Oh, Albania – where do I begin? As I sit here in a dingy van waiting for it to fill up so we can depart (bus schedules are a distant dream in these parts), I am dimmly aware of the incessant din of the adjacent “highway” (actually a 2-lane road in poor condition, but still the largest road in the country) bottlenecked full of mini-buses like ours, reckless delivery vans, and Mercedes in all states of newness and (dis)repair. Apparently there is some sort of fine print that goes along with Albanian citizenship that requires one to drive a Mercedes. Maybe there’s some sort of shady deal that’s been worked out to get all the German factory rejects or something.
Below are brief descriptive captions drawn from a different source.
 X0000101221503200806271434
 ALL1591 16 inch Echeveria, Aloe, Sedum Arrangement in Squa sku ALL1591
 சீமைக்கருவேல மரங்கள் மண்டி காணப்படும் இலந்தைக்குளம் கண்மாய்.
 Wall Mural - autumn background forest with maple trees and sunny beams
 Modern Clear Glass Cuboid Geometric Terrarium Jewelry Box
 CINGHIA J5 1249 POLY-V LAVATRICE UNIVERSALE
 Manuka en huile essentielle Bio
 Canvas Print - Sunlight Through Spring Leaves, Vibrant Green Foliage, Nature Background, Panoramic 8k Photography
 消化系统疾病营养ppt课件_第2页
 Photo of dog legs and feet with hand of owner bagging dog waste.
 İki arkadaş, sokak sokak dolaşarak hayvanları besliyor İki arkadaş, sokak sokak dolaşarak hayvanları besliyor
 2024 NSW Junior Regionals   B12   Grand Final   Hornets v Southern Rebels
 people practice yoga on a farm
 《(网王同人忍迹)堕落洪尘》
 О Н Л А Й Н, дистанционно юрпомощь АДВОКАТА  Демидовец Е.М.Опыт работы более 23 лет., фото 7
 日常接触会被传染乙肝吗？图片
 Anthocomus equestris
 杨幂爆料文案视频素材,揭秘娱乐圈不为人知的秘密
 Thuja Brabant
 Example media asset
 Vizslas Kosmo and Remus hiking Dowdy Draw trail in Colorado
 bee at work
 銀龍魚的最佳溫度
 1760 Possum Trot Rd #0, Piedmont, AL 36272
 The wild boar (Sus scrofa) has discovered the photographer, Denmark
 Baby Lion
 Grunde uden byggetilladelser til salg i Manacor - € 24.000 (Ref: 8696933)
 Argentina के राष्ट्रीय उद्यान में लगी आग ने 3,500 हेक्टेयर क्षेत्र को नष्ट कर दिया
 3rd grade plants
I mean if you plan on using the car to take mountain switchbacks at 60, transport goats or precariously tailgate other cars doing the same, does it really matter if the door’s a little sticky or the engine leaks a little oil?
As we left Ohrid aboard a similar mini-bus crammed with school kids and old ladies with their shopping, we watched the landscape around us subtly changing – becomming a little more rugged, a little poorer, a the roadsides a little more trashed. Our driver left us at the last stop on the Macedonian side of the border and, relying on the dubious advice of Lonely Planet (we should really know better by now), we donned our heavy backpacks and set out for the border on foot. The road was deserted and a little eerie. We passed a sign that had somehow been broken in half. 2 km, it said, to somewhere… The road wound up and down along a grubby stream infested with trash and swarms of bugs – still no border in sight. Then suddenly we rounded a bend and there it was, the edge of Macedonia and the beginning of country #6 of our trip, Albania.
We arrived at the Albanian border checkpoint sweaty and tired and were informed by Bono, who stamped our passports with disappointly bland entry visas, that there was no bus or taxis that could take us into town (Pogradec) but hey, at least the walk was downhill on this side. Immediately on this side of the border it was obvious that we were in a different country- the road signs were all rusted and delapitated and the gun slots of Hoxa’s (in)famous concrete bunkers winked at us from the hillsides. Arriving at the edge of town, donkey carts shared the road with old Mercedes and the mostly dirt road was lined with repetative little cafe-shops all selling the same meager assortment of a few vegetables, potato chips, and instant Nescafe in plastic cups.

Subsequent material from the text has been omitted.